§ Data records:
· · ·
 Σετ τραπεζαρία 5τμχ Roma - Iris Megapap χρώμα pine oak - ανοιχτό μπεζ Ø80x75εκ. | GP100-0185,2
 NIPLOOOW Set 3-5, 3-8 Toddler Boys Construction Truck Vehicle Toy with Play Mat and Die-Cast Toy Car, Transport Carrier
· · ·
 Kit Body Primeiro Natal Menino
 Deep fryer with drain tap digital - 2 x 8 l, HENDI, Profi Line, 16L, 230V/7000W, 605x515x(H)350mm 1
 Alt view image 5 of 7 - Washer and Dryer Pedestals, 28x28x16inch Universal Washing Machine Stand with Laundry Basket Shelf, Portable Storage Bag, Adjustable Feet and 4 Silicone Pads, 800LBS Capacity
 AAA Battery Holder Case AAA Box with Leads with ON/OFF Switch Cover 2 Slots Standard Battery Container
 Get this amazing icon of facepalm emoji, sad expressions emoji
· · ·
§ Assignment:
Begin at the line that has "Σετ τραπεζαρία 5τμχ" in the entries above; stop after the line that has "NIPLOOOW Set 3-5, 3-8". Transcribe exactly those lines and no others.

§ Solution for this exercise:
 Σετ τραπεζαρία 5τμχ Roma - Iris Megapap χρώμα pine oak - ανοιχτό μπεζ Ø80x75εκ. | GP100-0185,2
 NIPLOOOW Set 3-5, 3-8 Toddler Boys Construction Truck Vehicle Toy with Play Mat and Die-Cast Toy Car, Transport Carrier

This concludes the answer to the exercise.